Problem requirements :: Return all the entries. Match them word for word.
(Data extract begins)
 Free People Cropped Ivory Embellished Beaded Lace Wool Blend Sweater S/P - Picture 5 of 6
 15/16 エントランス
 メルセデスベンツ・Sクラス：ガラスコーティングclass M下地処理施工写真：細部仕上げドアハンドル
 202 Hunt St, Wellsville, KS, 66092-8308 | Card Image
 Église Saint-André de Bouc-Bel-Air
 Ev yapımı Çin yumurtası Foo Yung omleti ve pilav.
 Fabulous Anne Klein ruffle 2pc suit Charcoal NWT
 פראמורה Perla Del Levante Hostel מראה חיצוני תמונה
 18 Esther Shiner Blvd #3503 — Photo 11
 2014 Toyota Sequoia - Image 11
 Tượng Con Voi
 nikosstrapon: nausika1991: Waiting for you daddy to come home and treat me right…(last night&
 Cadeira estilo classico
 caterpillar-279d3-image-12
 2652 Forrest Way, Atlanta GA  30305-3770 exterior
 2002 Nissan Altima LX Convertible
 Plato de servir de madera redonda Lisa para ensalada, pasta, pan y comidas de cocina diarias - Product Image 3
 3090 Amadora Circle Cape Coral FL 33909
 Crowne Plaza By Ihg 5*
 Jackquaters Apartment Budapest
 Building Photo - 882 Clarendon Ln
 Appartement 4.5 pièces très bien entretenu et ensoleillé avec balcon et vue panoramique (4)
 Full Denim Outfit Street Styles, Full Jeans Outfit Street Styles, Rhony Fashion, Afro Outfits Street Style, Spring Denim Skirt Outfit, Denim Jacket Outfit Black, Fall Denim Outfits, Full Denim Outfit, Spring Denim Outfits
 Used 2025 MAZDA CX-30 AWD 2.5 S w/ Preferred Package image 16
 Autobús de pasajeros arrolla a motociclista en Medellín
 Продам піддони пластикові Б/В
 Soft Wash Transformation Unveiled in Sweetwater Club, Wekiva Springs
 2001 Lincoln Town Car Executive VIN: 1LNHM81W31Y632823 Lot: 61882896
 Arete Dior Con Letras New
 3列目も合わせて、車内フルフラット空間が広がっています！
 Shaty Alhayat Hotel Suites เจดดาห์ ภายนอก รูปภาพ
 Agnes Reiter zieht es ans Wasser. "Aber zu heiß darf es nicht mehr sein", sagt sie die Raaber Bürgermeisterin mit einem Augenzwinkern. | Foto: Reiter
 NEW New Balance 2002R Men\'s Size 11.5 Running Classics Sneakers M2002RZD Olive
(Data extract ends)
Task answer ::
 Free People Cropped Ivory Embellished Beaded Lace Wool Blend Sweater S/P - Picture 5 of 6
 15/16 エントランス
 メルセデスベンツ・Sクラス：ガラスコーティングclass M下地処理施工写真：細部仕上げドアハンドル
 202 Hunt St, Wellsville, KS, 66092-8308 | Card Image
 Église Saint-André de Bouc-Bel-Air
 Ev yapımı Çin yumurtası Foo Yung omleti ve pilav.
 Fabulous Anne Klein ruffle 2pc suit Charcoal NWT
 פראמורה Perla Del Levante Hostel מראה חיצוני תמונה
 18 Esther Shiner Blvd #3503 — Photo 11
 2014 Toyota Sequoia - Image 11
 Tượng Con Voi
 nikosstrapon: nausika1991: Waiting for you daddy to come home and treat me right…(last night&
 Cadeira estilo classico
 caterpillar-279d3-image-12
 2652 Forrest Way, Atlanta GA  30305-3770 exterior
 2002 Nissan Altima LX Convertible
 Plato de servir de madera redonda Lisa para ensalada, pasta, pan y comidas de cocina diarias - Product Image 3
 3090 Amadora Circle Cape Coral FL 33909
 Crowne Plaza By Ihg 5*
 Jackquaters Apartment Budapest
 Building Photo - 882 Clarendon Ln
 Appartement 4.5 pièces très bien entretenu et ensoleillé avec balcon et vue panoramique (4)
 Full Denim Outfit Street Styles, Full Jeans Outfit Street Styles, Rhony Fashion, Afro Outfits Street Style, Spring Denim Skirt Outfit, Denim Jacket Outfit Black, Fall Denim Outfits, Full Denim Outfit, Spring Denim Outfits
 Used 2025 MAZDA CX-30 AWD 2.5 S w/ Preferred Package image 16
 Autobús de pasajeros arrolla a motociclista en Medellín
 Продам піддони пластикові Б/В
 Soft Wash Transformation Unveiled in Sweetwater Club, Wekiva Springs
 2001 Lincoln Town Car Executive VIN: 1LNHM81W31Y632823 Lot: 61882896
 Arete Dior Con Letras New
 3列目も合わせて、車内フルフラット空間が広がっています！
 Shaty Alhayat Hotel Suites เจดดาห์ ภายนอก รูปภาพ
 Agnes Reiter zieht es ans Wasser. "Aber zu heiß darf es nicht mehr sein", sagt sie die Raaber Bürgermeisterin mit einem Augenzwinkern. | Foto: Reiter
 NEW New Balance 2002R Men\'s Size 11.5 Running Classics Sneakers M2002RZD Olive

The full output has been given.